Parkers Gemälde, Installationen und digitalen Arbeiten entfalten sich wie seelische Landkarten. Sanfte Farbpaletten treffen auf haptische Acrylstrukturen und digitale Fragmente, die wie Erinnerungsspuren schimmern. Seine Praxis bewegt sich mühelos zwischen dem Greifbaren und dem Virtuellen und zeigt, wie beide Welten zu einem poetischen Kontinuum verschmelzen können.
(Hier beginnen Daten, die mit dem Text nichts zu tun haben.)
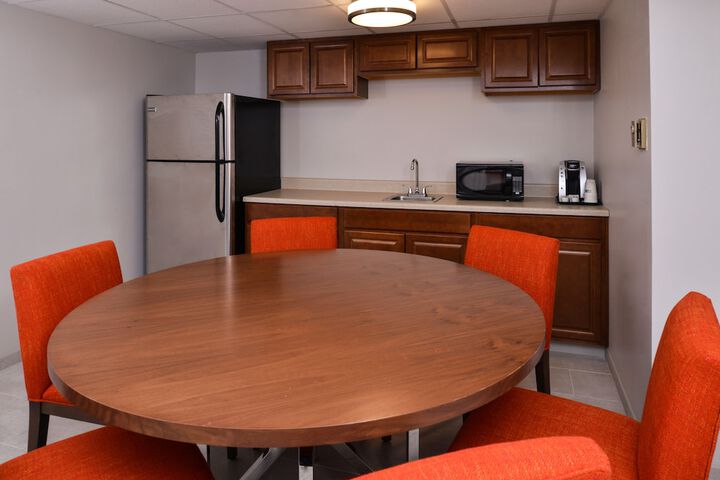 Room 32 of 51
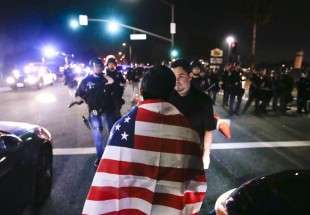 US police clash with anti-Trump protesters  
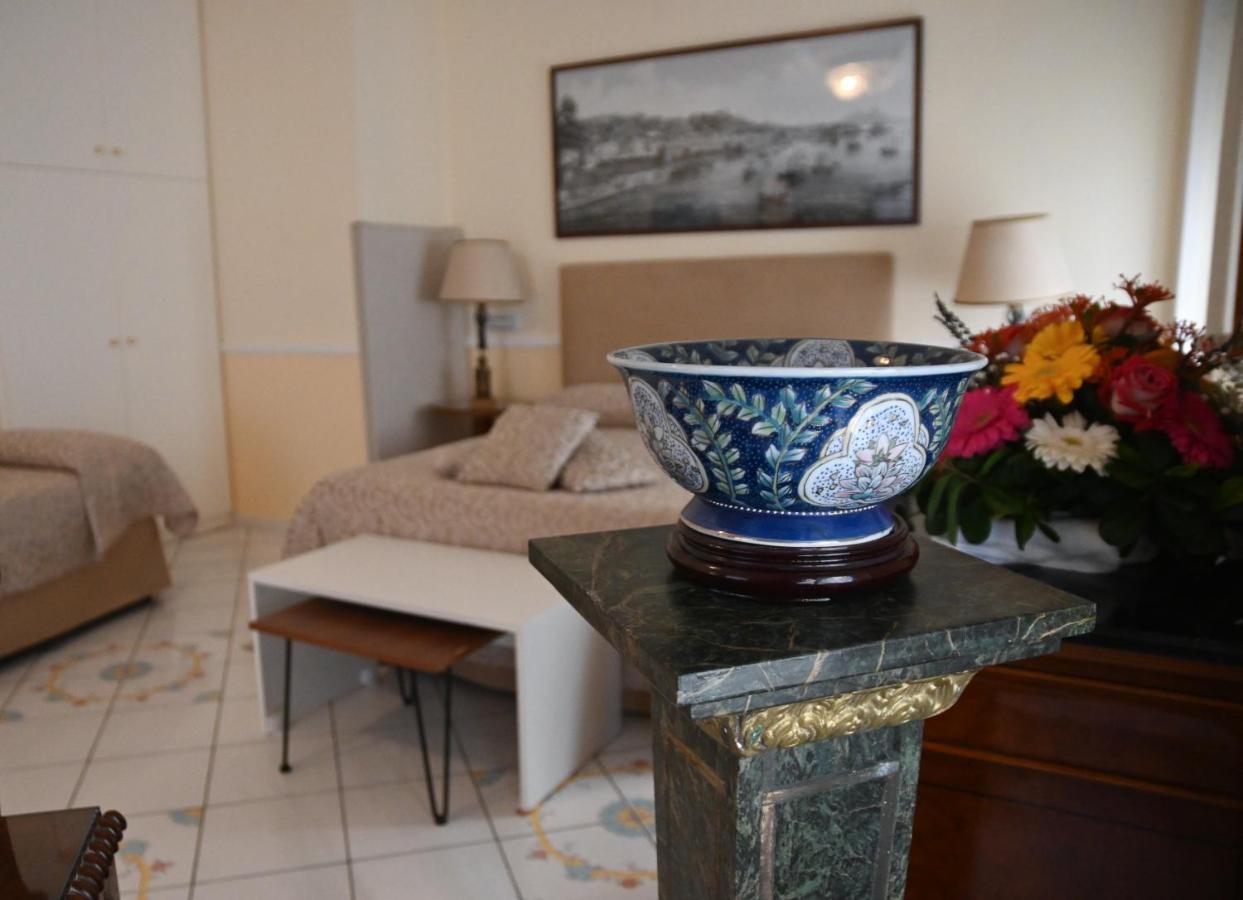 Pagina Storica Di Napoli Apartment Bagian luar foto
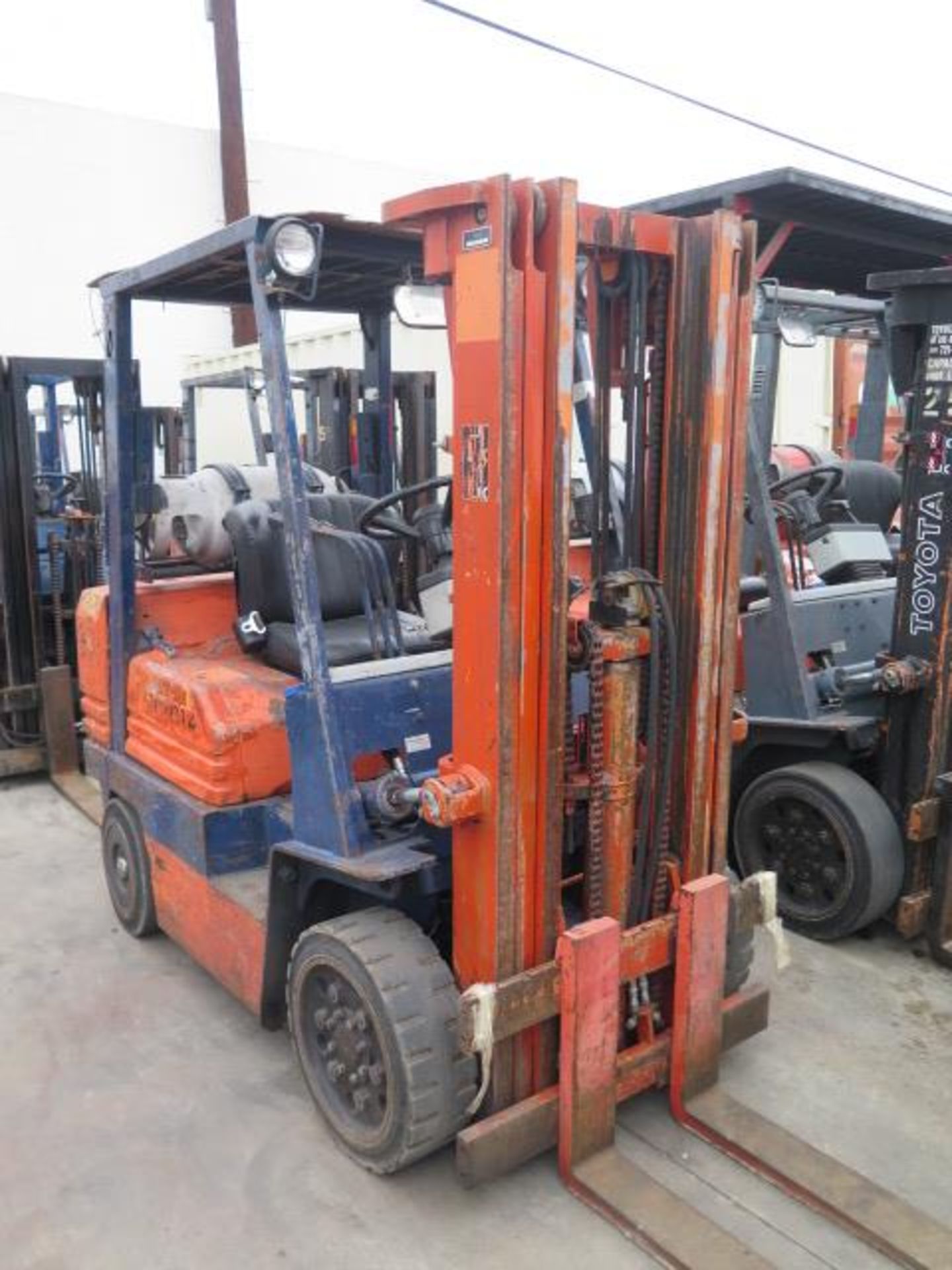 Toyota 5FGC25 5000 Lb Cap LPG Forklift s/n 5FGCU25-75639 w/ 3-Stage Mast, 169" Lift Height, - Image 2 of 11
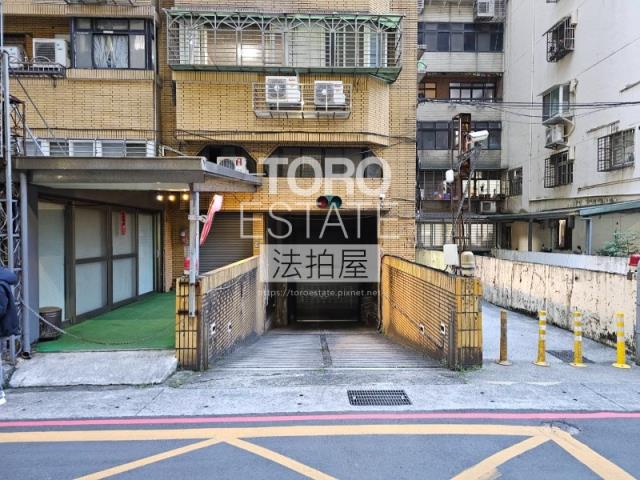 信義區法拍大樓-6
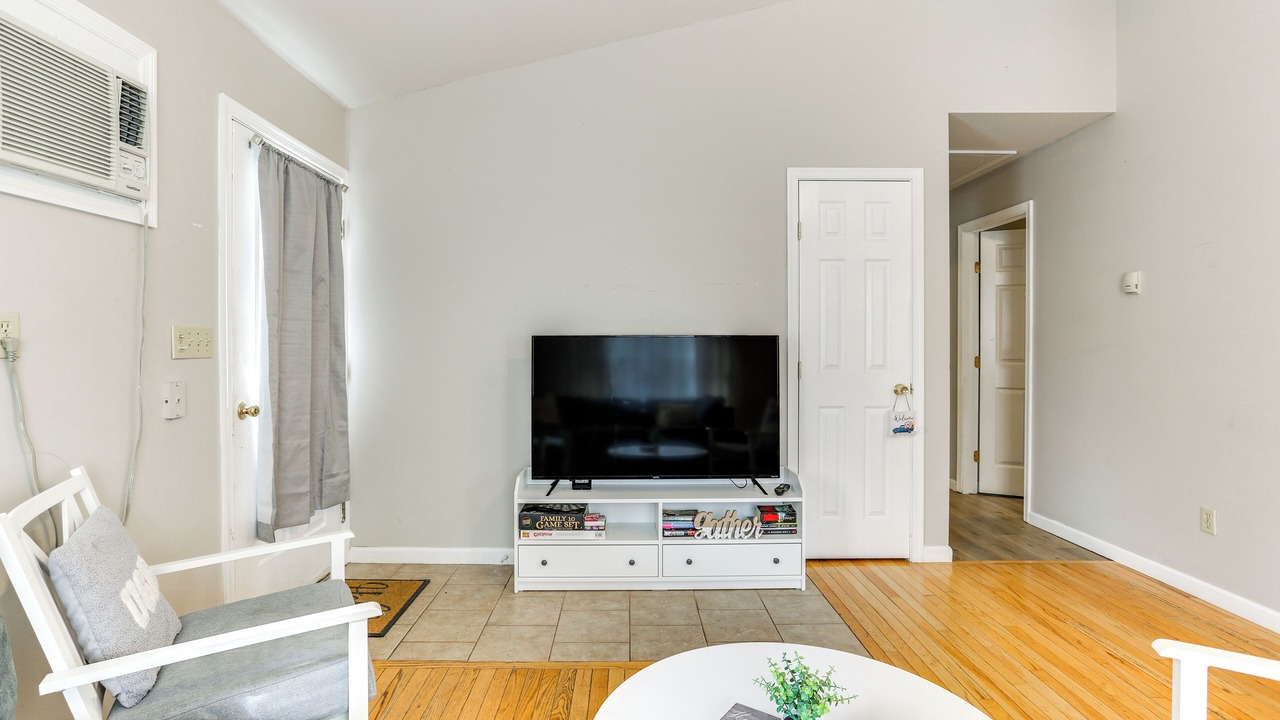 Photo of Livingroom in Dingmans Ferry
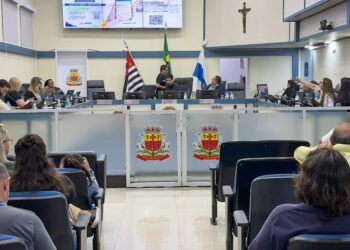 Caraguatatuba apresenta PPA 2026-2029 e LDO 2026 em Audiência Pública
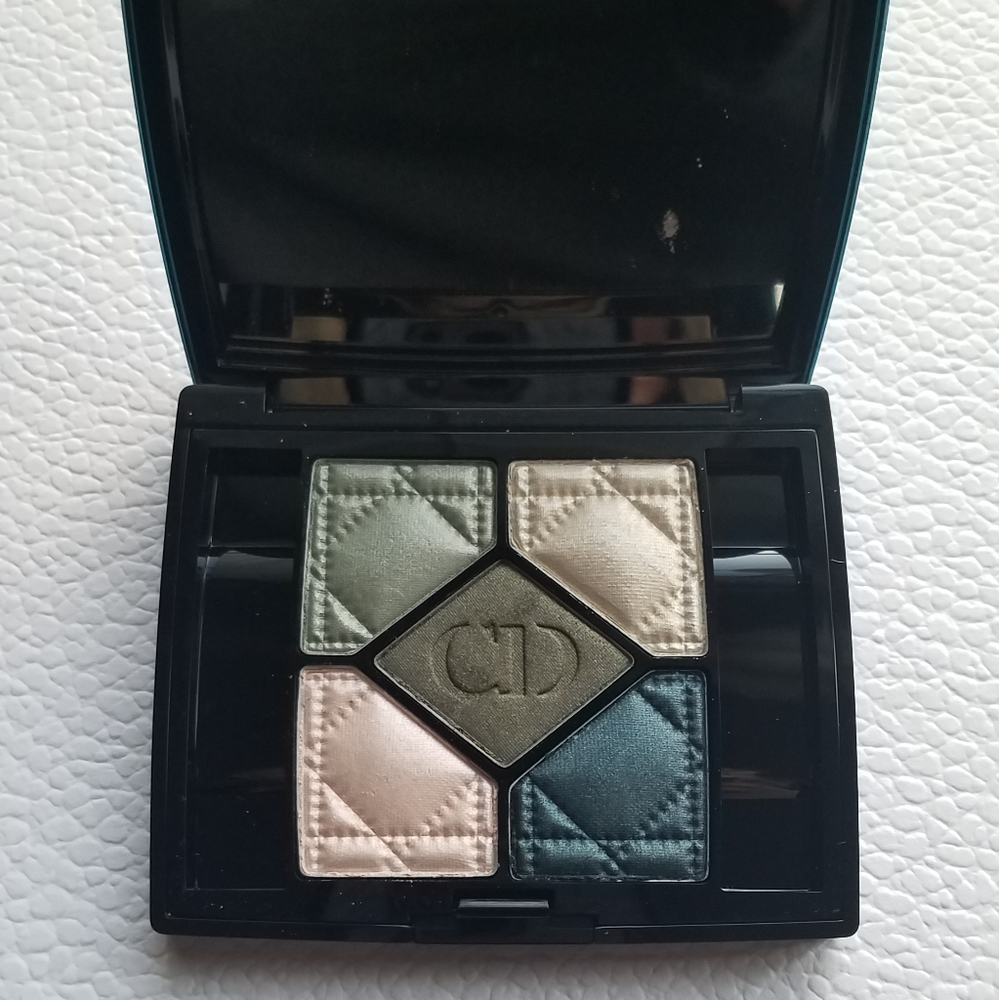 Dior 5 Color Eyeshadow- Jardin 456, New Unboxed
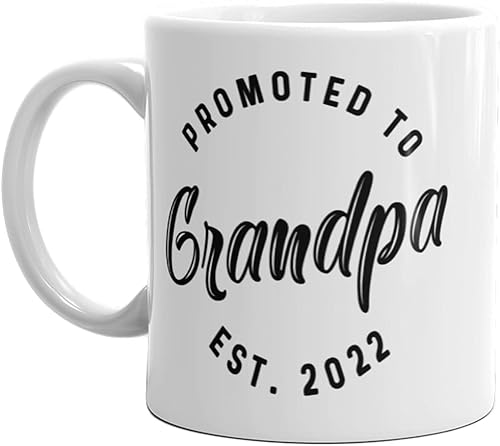 Crazy Dog T-Shirts Promoted To Grandpa 2022 Taza divertida de café con anuncio de bebé, 11 onzas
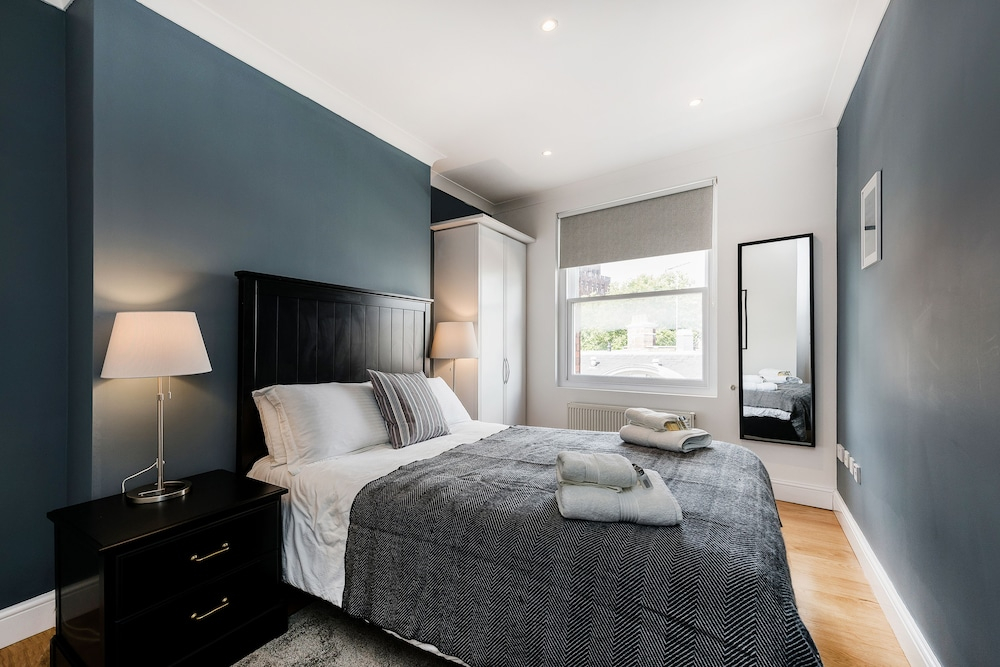 Stay At Mine - Gloucester Mansions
Als autodidaktischer Künstler, geleitet von Intuition und wiederkehrenden Träumen, übersetzt Parker das Unbewusste in visuelle Form. Seine Werke sind keine Illustrationen von Träumen, sondern Übersetzungen ihrer Logik – der fließenden Logik des Gefühls. „Für mich ist Farbe lebendig“, sagt er. „Sie ist eine Sprache, die sich ständig verändert. Sie kann ausdrücken, was Worte nicht können.“
„Zärtlichkeit überlebt überall dort, wo wir aufhören, uns zu messen, und uns einfach erlauben, zu sein.“ – Cevin Parker.






Die innere Expedition | Exklusives Interview mit Cevin Parker
Du beschreibst deine Werke oft als „Expeditionen“. Was erkundest du?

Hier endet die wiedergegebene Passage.